Clinton could just as easily been talking about herself, and the potential threat of assassination to her own person, as about her rival for the nomination, Barack Obama. That few, if any, seem to realize this is yet another attack on her for all the wrong reasons. Yes, it was insensitive and divisive, hurtful and potentially dangerous, for Clinton to invoke the trauma of Bobby Kennedy’s murder in 1968 in making the case that she must remain in contention for the nomination to run for president.
Hillary Clinton’s poor judgment is grounds for pushing her out. Consider her recent threat to obliterate Iran. No, the threat was not a direct one, being as it was merely a loaded response to an equally loaded question put to her by an interviewer.
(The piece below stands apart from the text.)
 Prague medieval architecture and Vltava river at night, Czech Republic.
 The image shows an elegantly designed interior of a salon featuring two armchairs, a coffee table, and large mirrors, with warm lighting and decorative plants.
But that Clinton would even take the bait–knowing full well that the National Intelligence Estimate on Iran stated flat out that Tehran is not pursuing nuclear weapons; that it abandoned any attempts to do so as long as five years ago; that its nuclear ambitions really do seem geared more toward energy production (at least for the time being); and that even if it were making weapons it would still be nearly a decade before even one successful bomb would be made–shows her willingness to be manipulated by the far right into saying and doing potentially very destructive things.
And who can forget her teary-eyed display of selfish egomania right before the New Hampshire primary, wherein she implied, so very condescendingly, that Americans are too stupid to realize how much they need her to be president–right before segueing into an attack on her chief rival’s readiness that was worthy of Karl Rove himself? These examples paint a clear portrait of someone so bent on pursuing a crown, so egotistical, that her stability (indeed, her very integrity) as a leader must be called into question. For these reasons, more than anything else and for the sake of honor, Mrs. Clinton should drop out now.
But the reasons for pressuring her to abandon her pursuit of the presidency go far beyond her moral vacuum, her willingness to say and do anything in order to be crowned president. And they have nothing to do with delegate math; Mrs. Clinton is in a far better position to win the nomination at convention than any of her underdog predecessors of the past thirty years. No one in the media pressured Ted Kennedy, Gary Hart, or Jesse Jackson to drop out of presidential races before convention–at least, not on the level pundits who have called for Clinton’s departure have done. Nor do the reasons have to do with the false allegations of racism that have plagued both Hillary and her husband, Bill, since the campaign began heating up. Indeed, if any of the presidential candidates from either political party have exploited race in a negative fashion, it is Barack Obama with his insistence on distancing himself from any and all hints of Black resentment at how this subsection of our society has been treated through America’s history.
The reasons for calling for an end to the Clinton campaign stem, I think, from an irrational hatred of the woman that runs far deeper than it has any right to. Had a man said half the things she has said, he might be allowed to slide–especially if that “man” happens to be a Republican, such as John McCain (the presumptive nominee of his party this year). What is behind this hatred? I can only guess; certainly, Americans are justifiably wary at the prospect of going twenty or more years with either a Bush or a Clinton occupying the White House. But we’ve had political dynasties before, to one degree or another, with nary a peep from the press or the public.
Could it be, in the end, the prospect of having a woman in power who truly, unlike any “First Lady” since Eleanor Roosevelt, dared to be more than presidential arm candy? There appears to be some justification for this theory; the intense opposition to her attempt to reform the health care system during her husband’s presidency sparked chauvinistic indignation that a woman would involve herself in presidential-level policy-making. But, again, this doesn’t really hold up, for after the public and very final defeat of Hillary’s effort to change the health insurance system, she sold out to the industry and became little more than the caricature of a “First Lady” her opponents wanted her to be. Her public involvement in Bill’s policy-making seemed to go away. She was, or so many believed, properly chastened for being uppity enough to think she could be more than a pretty face.
This hatred of Hillary Clinton is much more personal, and I don’t know why. Nor, I suspect, do those who have so relentlessly attacked her.